Search code examples
csvapache-sparkpyspark

Functional behaviour of Spark's DataFrameReader.csv method?


I am spinning up on Python, Spark, and PySpark. I am following this tutorial on reading all CSV files in a specified directory, i.e., spark.read.csv(DirectoryPath). I tried to find where the description of which files are read, e.g., all files regardless of extension or just files with the CSV extension. I consider it to be a very basic expectation for the documentation to describe this behaviour. The spark.read method returns a DataFrameReader object, of which csv is a method.

The doc string from entering spark.read.csv? at the Spyder IPython console only seems to describe the case where a CSV file path is provided, not where a directory path is given. The PySpark documentation says essentially the same thing.

Since Spark is written in Scala, I sometimes found the Scala documentation better. However, none of the descriptions for the three csv methods seem to describe the case where the path argument is a directory rather than a file.

What is the functional description of DataFrameReader.csv?

I am using Spark 3.4.1, which was determined by the Anaconda package manager on Windows 10 as compatible with a Python 3.9 environment.


Solution

  • Spark data sources share a lot of common behaviour and that's why the documentation is split into generic and source-specific parts.

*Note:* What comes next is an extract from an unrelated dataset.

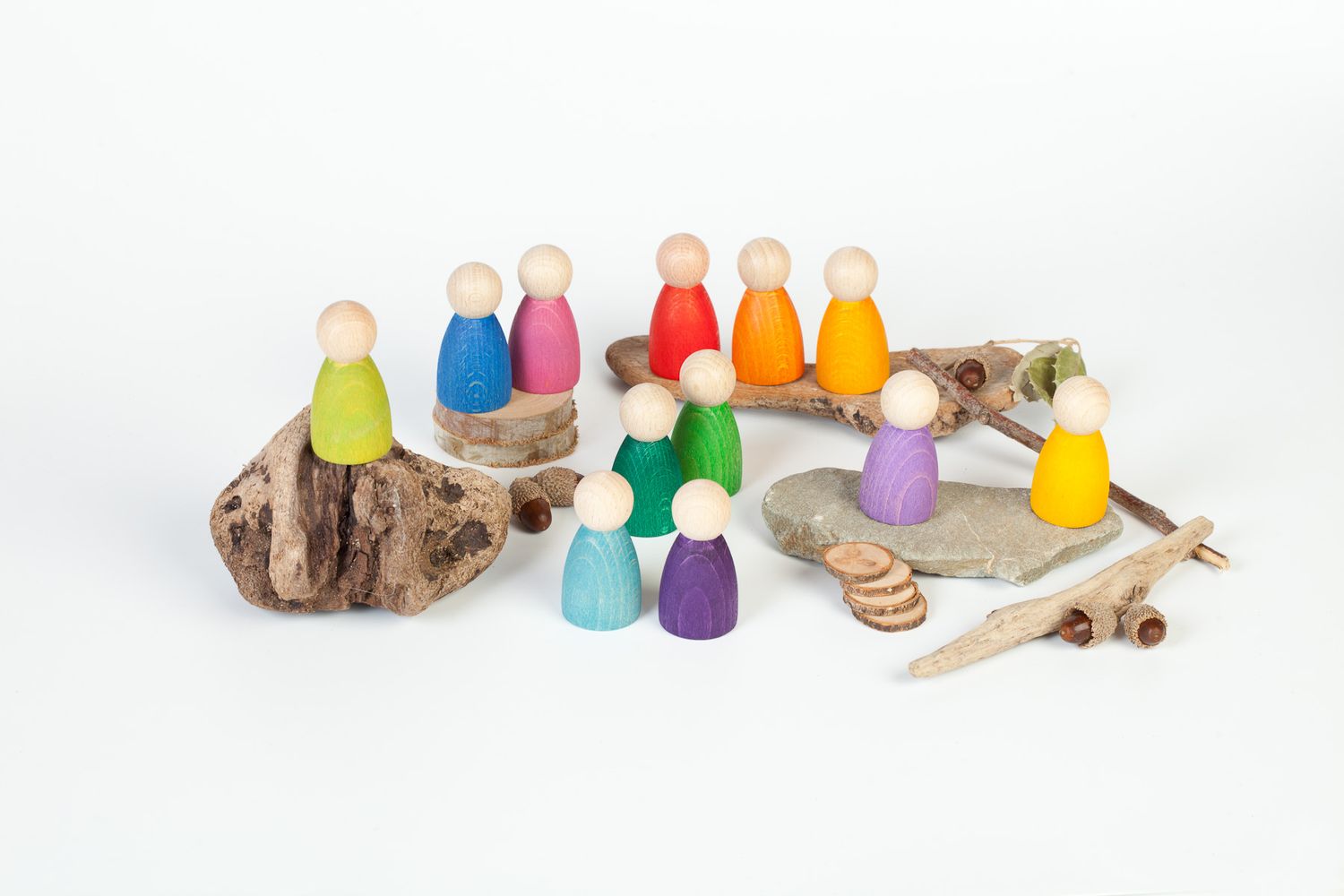 Grapat houten speelgoed 12 kinderen, regenboog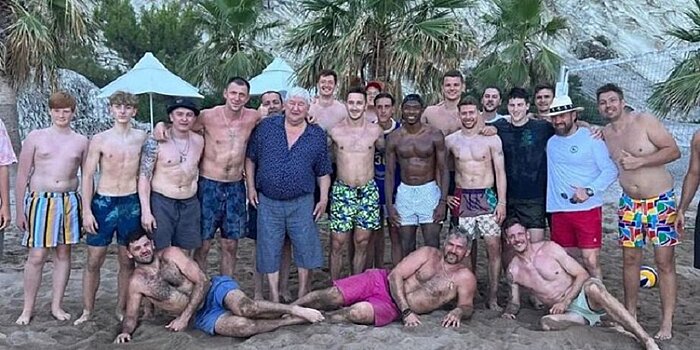 Овечкин, Радулов, Алаба, Галиев и Фридзон сыграли в волейбол на пляже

The functional description of the CSV data source is here. There is a link to this page in the Scala docs of one of the .csv() overloads. By default, if provided a directory, the source will try to load each and every file as a CSV file. You can change that behaviour by setting a glob filter with .option("pathGlobFilter", "*.csv"). Path globbing is a generic trait shared by the file-based data sources and as such is described in one of the generic sections of the SQL data sources guide.